An underwriter might so understand the phrase, when read in its context, but the application was not to be submitted to underwriters; it was to go to persons utterly unacquainted with the niceties of life insurance, who would read it colloquially. It is the understanding of such persons that counts; and not one in a hundred would suppose that he would be covered, not "as of the date of completion of Part B," as the defendant promised, but only as of the date of approval.

See also Steven v. Fidelity & Casualty Co., 58 Cal. 2d 862, 27 Cal. Rptr. 172, 377 P.2d 284 (1962) (the question of ambiguity of the policy language is to be determined in view of the insured's "knowledge and understanding as a reasonable layman, his normal expectation of the extent of coverage of the policy ..."); Kievit v.
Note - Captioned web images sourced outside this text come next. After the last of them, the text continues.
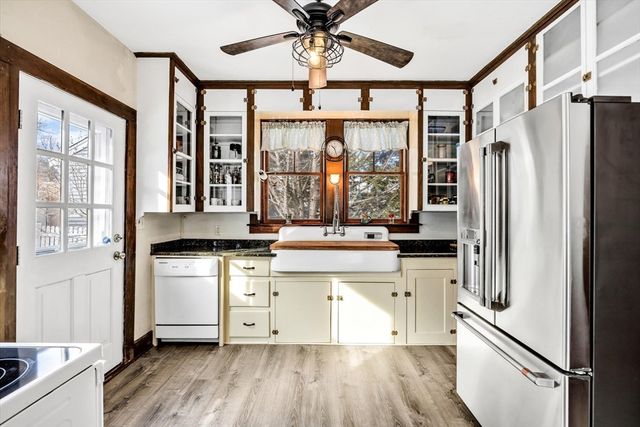 896 Sandwich Rd, Bourne, MA 02561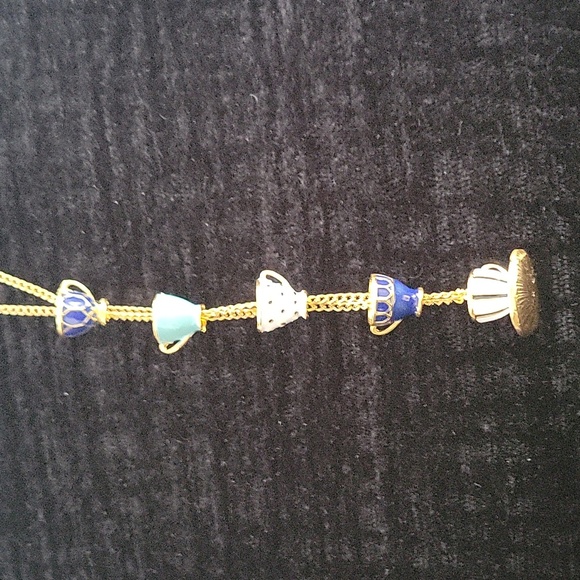 Necklace - Picture 3 of 4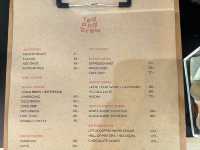 คาเฟ่ Red and Brew 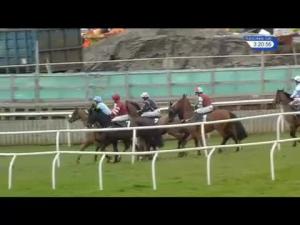 Video preview image for Catterick Bridge 15:20 - Easby Abbey Handicap Chase (4)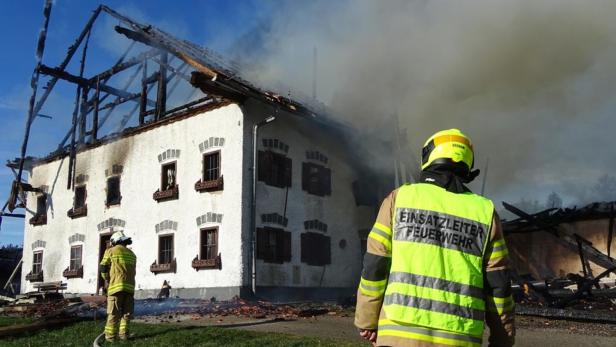 Bauernhof im Flachgau komplett niedergebrannt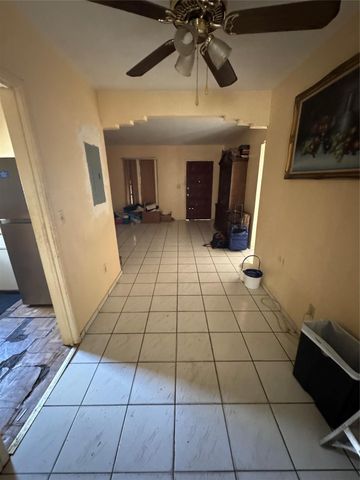 1300 NW 42nd St, Miami, FL 33142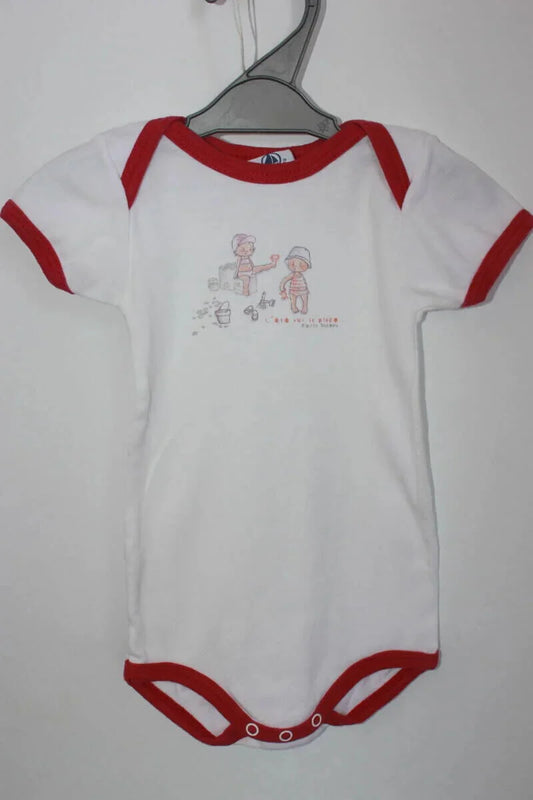 tweedehands-witte-romper-rode-details-maat-68-korte-mouwen-petit-bateau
Loyal Protective Life Ins. Co., 34 N.J. 475, 170 A.2d 22 (1961) ("[w]hen members of the public purchase policies of insurance they are entitled to the broad measure of protection necessary to fulfill their reasonable expectations"); Allen v. Metropolitan Life Ins. Co., 44 N.J. 294, 208 A.2d 638 (1965) ("reasonable expectations in the transaction may not justly be frustrated and courts have properly molded their governing interpretative principles with that uppermost in mind"). See generally Keeton, Insurance Law Rights at Variance with Policy Provisions, 83 Harv.L.Rev. 961 (1970). In Colorado, see Newton v. Nationwide Mutual Fire Ins. Co., 197 Colo. 462, 594 P.2d 1042 (1979) (public policy favors protecting consumers by requiring those who sell insurance to disclose fully and fairly to the purchasing public what insurance protection is actually being provided for the premium charged).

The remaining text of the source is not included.